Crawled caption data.
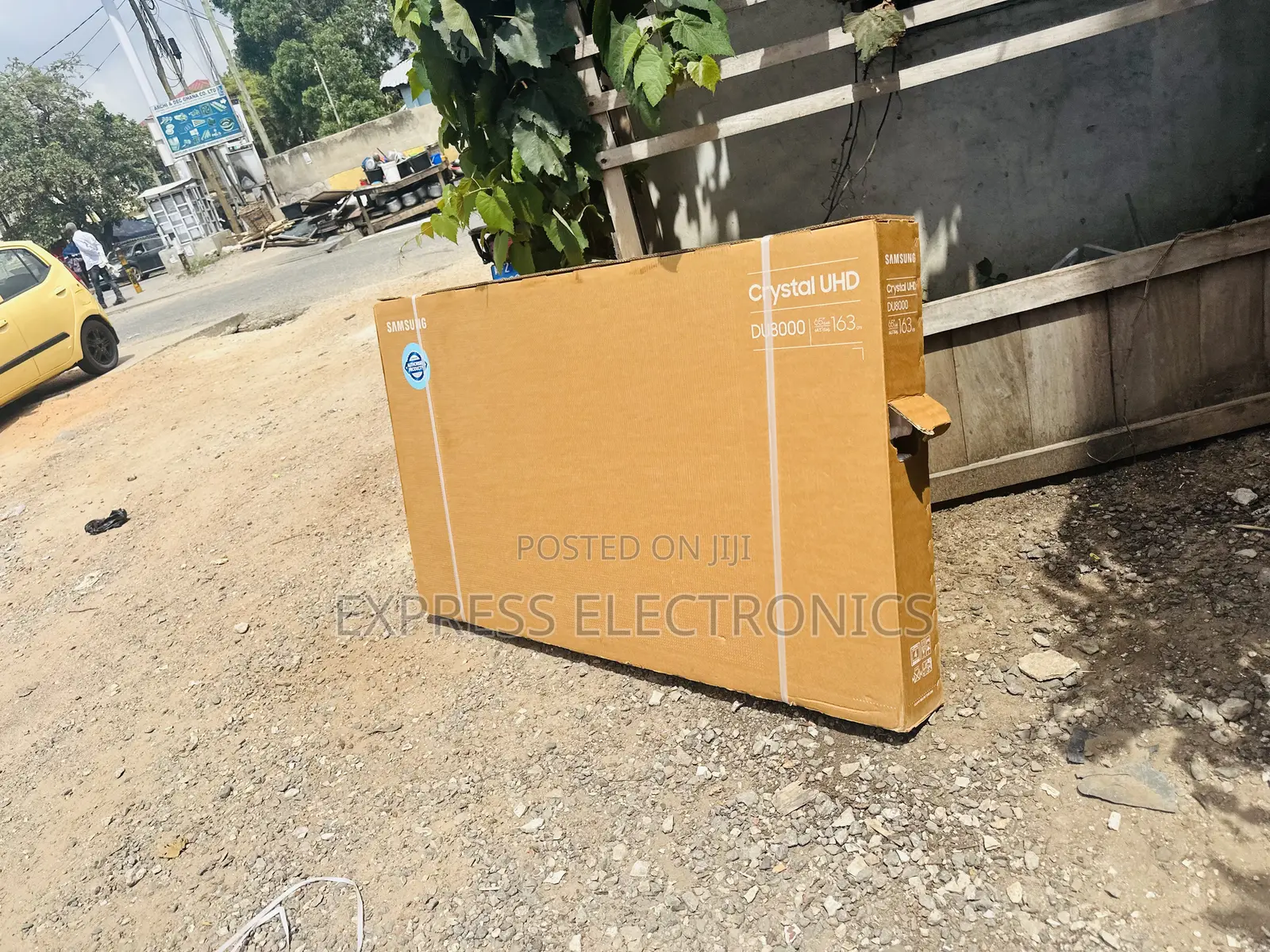 Samsung Electronics Series 8 2024 Model Smart 65”DU8000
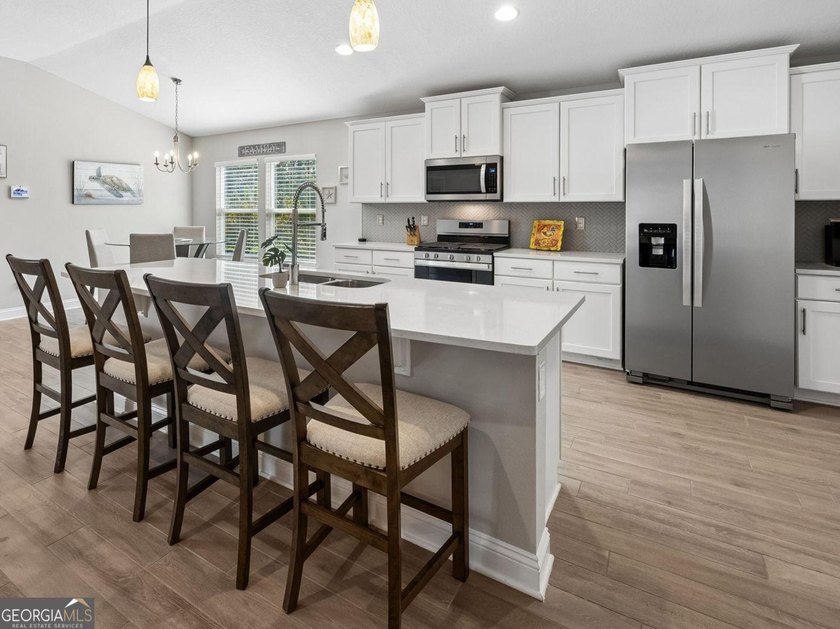 * Move-In Ready 4-Bedroom Home in Gated Osprey Cove - Your - photo 7
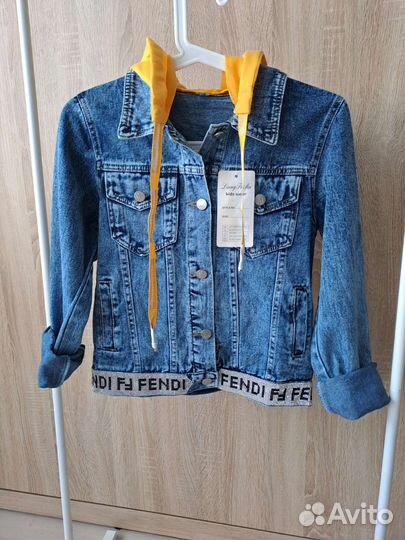 Джинсовая куртка для девочки новая 146-164
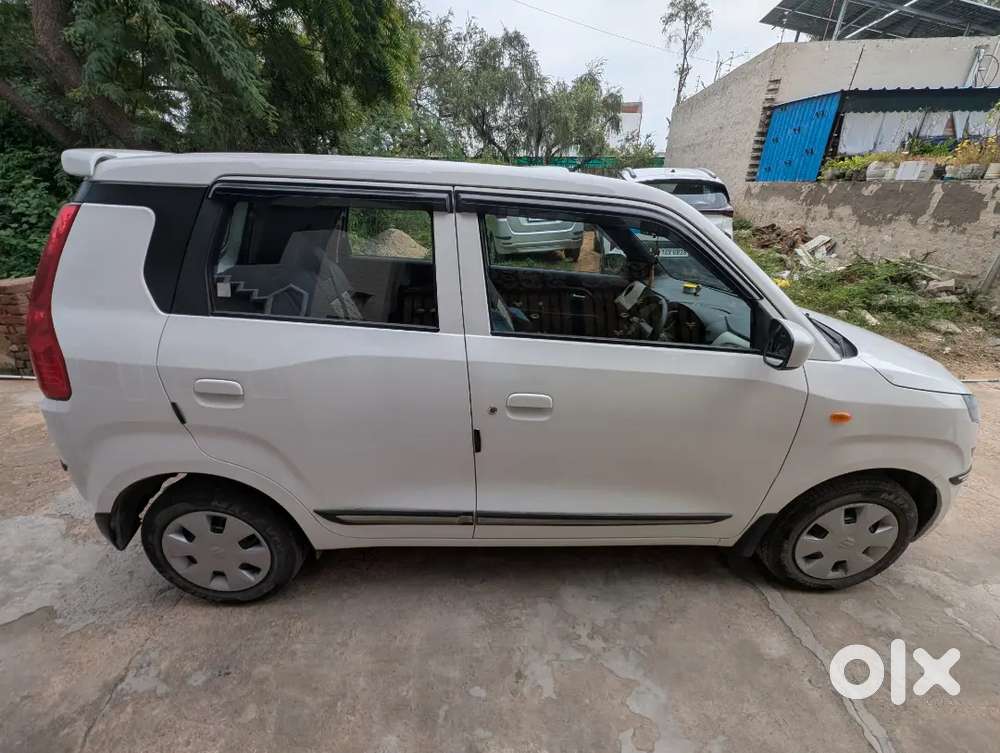 Maruti Suzuki Wagon R Vxi Cng 2024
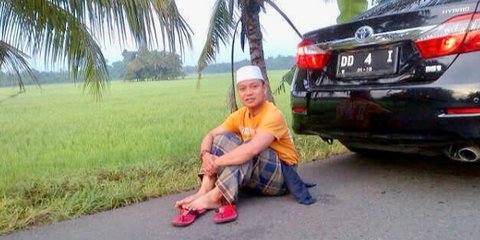 Duduk Ngemper di Pinggir Jalan Dekat Sawah Ustaz Das'ad Latif Beri Pesan Mendalam Soal Rindu Kampung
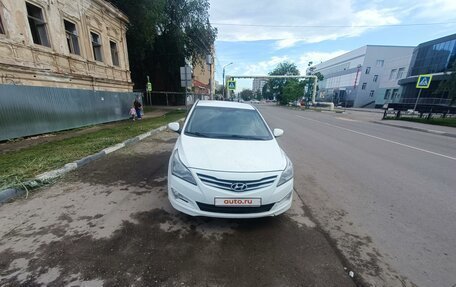 Hyundai Solaris II рестайлинг, 2015 год, 820 000 рублей, 2 фотография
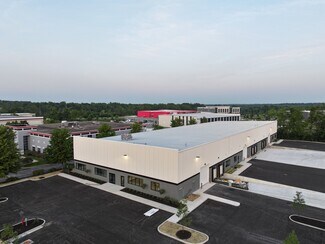 Plus de détails pour 10890 Bennett Pkwy ext, Zionsville, IN - Local d'activités à louer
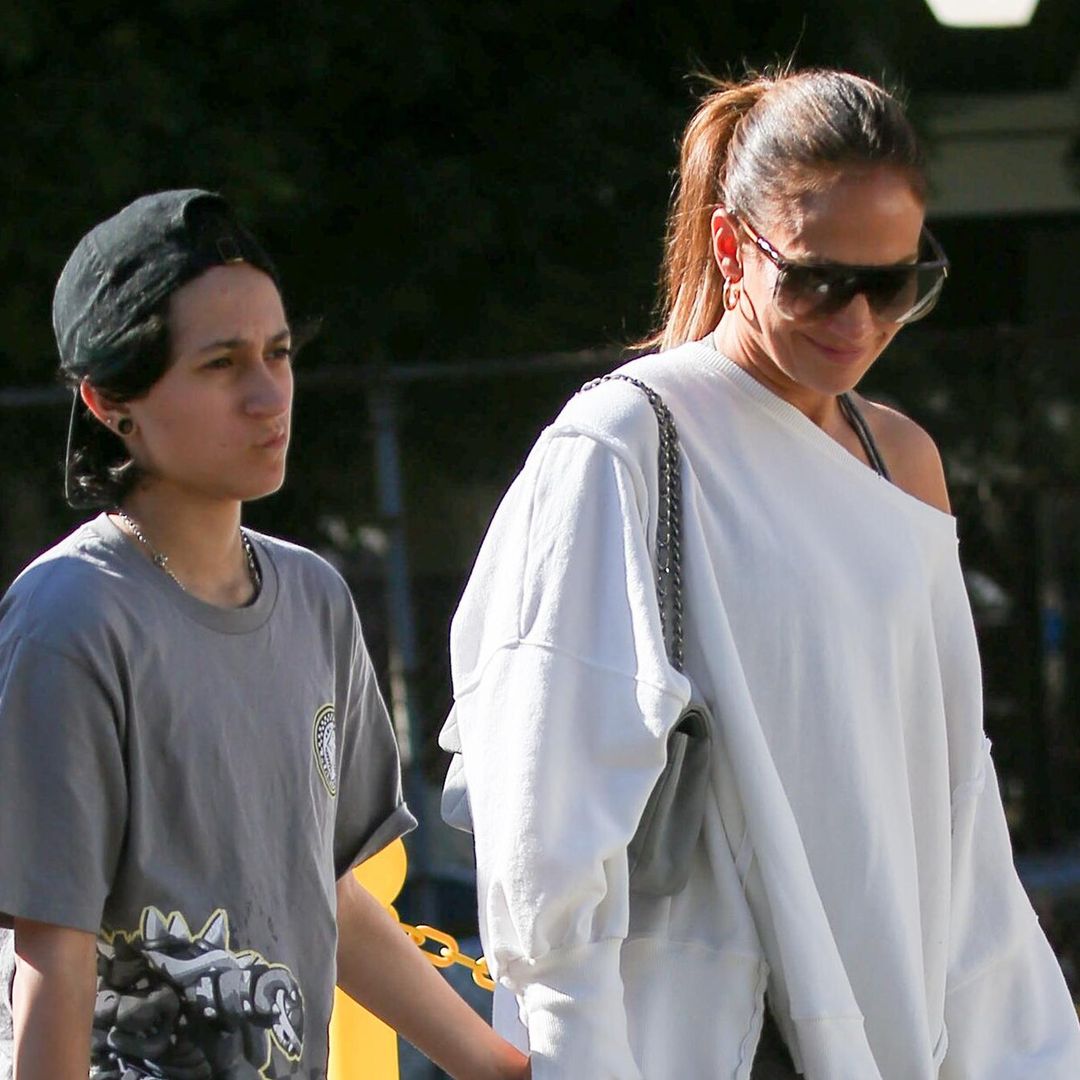 Jennifer Lopez y Emme disfrutan de un día de compras parisinas
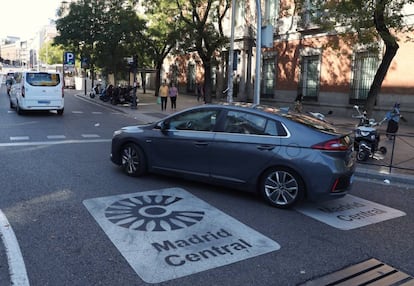 Un vehículo accede a la zona de Madrid Central, restringida al tráfico.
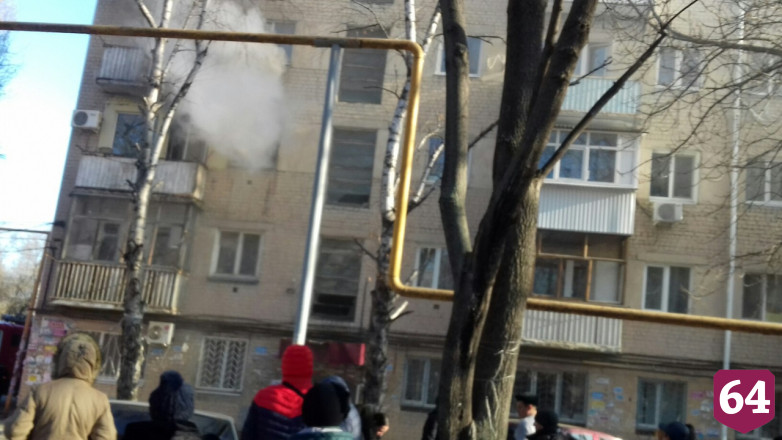 В Саратове из горевшей пятиэтажки эвакуировали 20 человек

Task details.
Repeat word for word, and nothing more, the lines between the line containing "Plus de détails" and the last line of the records above, inclusive, without pictures.

Answer for this exercise.
 Plus de détails pour 10890 Bennett Pkwy ext, Zionsville, IN - Local d'activités à louer
 Jennifer Lopez y Emme disfrutan de un día de compras parisinas
 Un vehículo accede a la zona de Madrid Central, restringida al tráfico.
 В Саратове из горевшей пятиэтажки эвакуировали 20 человек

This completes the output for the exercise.